Friday, May 17, 2019

Albemarle School's Tanner Simpson has been one of the key players that has lifted the baseball program into the North Carolina Independent School Athletic Association Class 1A state championship series.

Simpson and the Colts will face Kerr-Vance Academy in the best-of-three state championship series this weekend in Henderson.

Simpson, a junior, has battled through adversity with an injury during the 2019 season.

He acknowledged that it was tough to battle through the injury.

Albemarle School head coach Jeff Simpson noted that the injury lingered from early in the season through the Easter break in late April.
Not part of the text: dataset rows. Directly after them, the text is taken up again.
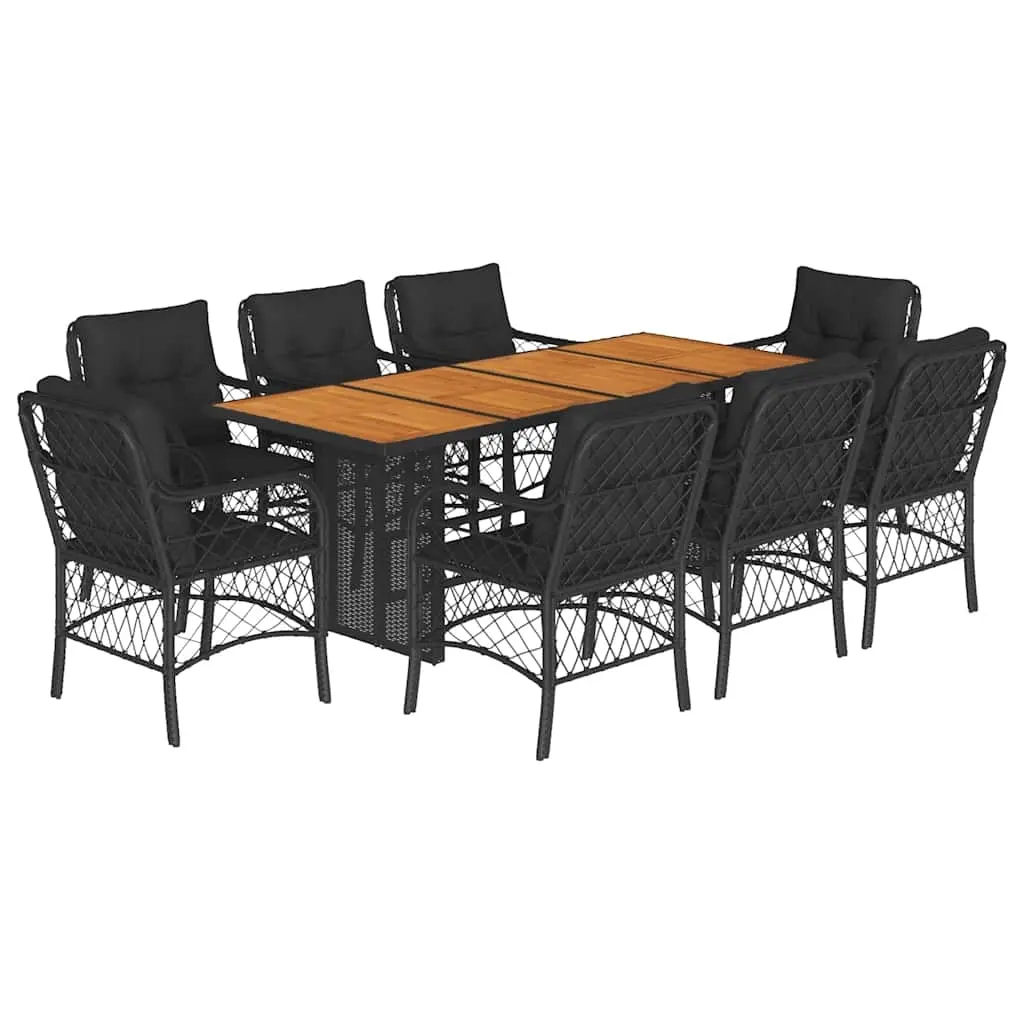 9 Piece Garden Dining Set with Cushions Black Poly Rattan 3212073 - Furniture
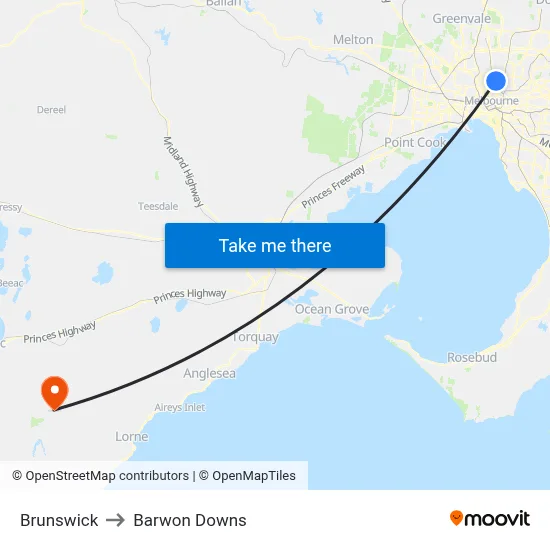 Brunswick to Barwon Downs map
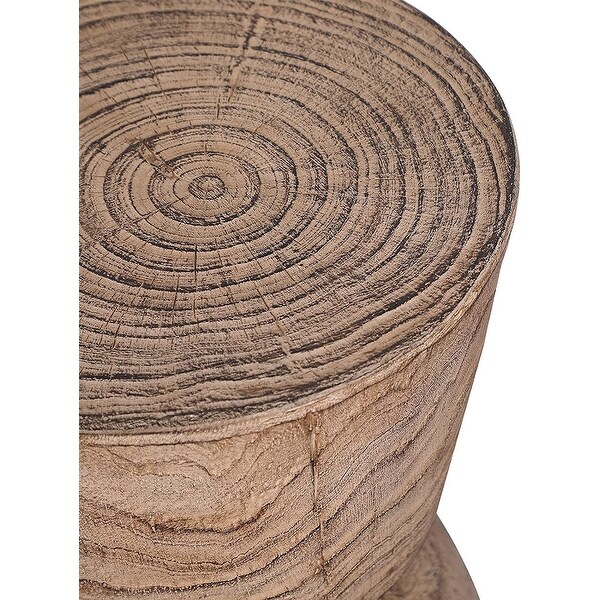 14.6 Inch Round Accent Table， Faux Wood Stump Stool， Patio End Table， Garden Stool， Plant Stand， Wood Grain Finish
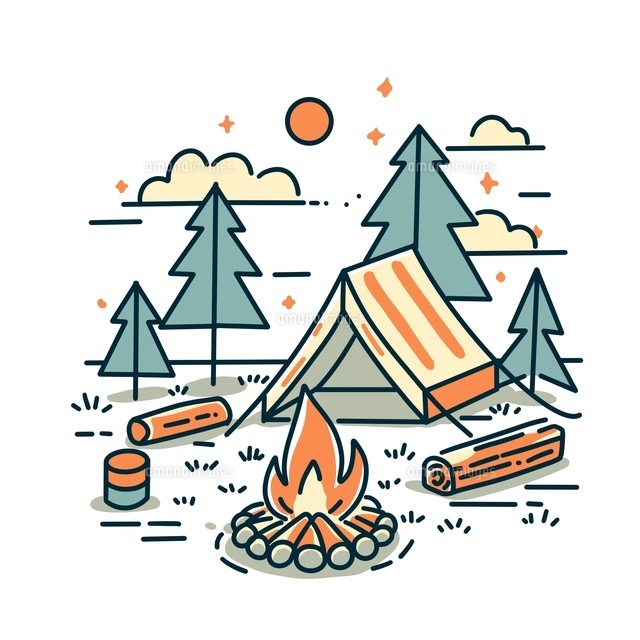 キャンプのテントのイラスト無料イラスト素材素材ラボ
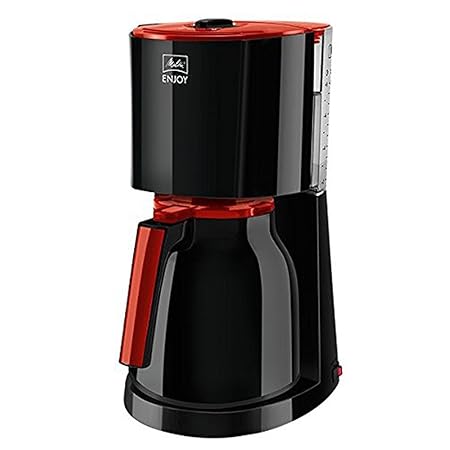 Melitta Enjoy Therm 1017-10, Filterkaffeemaschine mit Thermkanne, AromaSelector, Rot/Schwarz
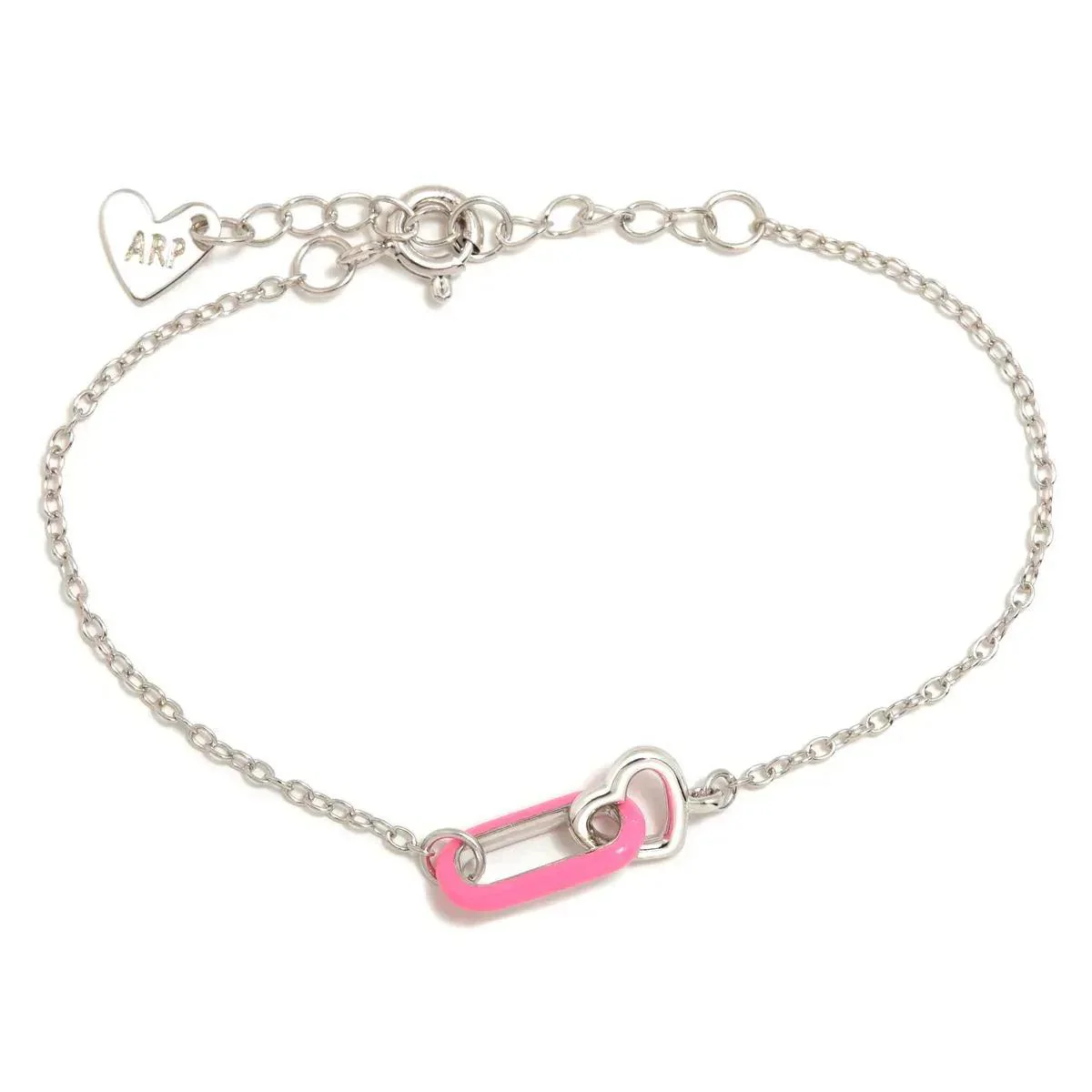 PULSERA CORAZÓN LINK ROSA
Tanner had to sit out the regular-season finale against Pungo Christian Academy on April 18.

He acknowledged that the nagging leg injury is better now than what it was.

Tanner has the second-highest batting average on the team (.451) with a team-high 26 RBI.

Even with the injury, Tanner was named the Tarheel Independent Conference Player of the Year.

He has pitched as a reliever in both of Albemarle School's state playoff games.

As for what makes the team special?

“Their love to play,” Tanner said.

Tanner, who is also an infielder, mirrors the same love and dedication for the game that his teammates have.

He said that baseball became important to him when he was 8-years-old.

According to coach Simpson, his son's first sport of choice was soccer when Tanner was six or seven.

Tanner eventually gravitated to baseball and began with tee-ball.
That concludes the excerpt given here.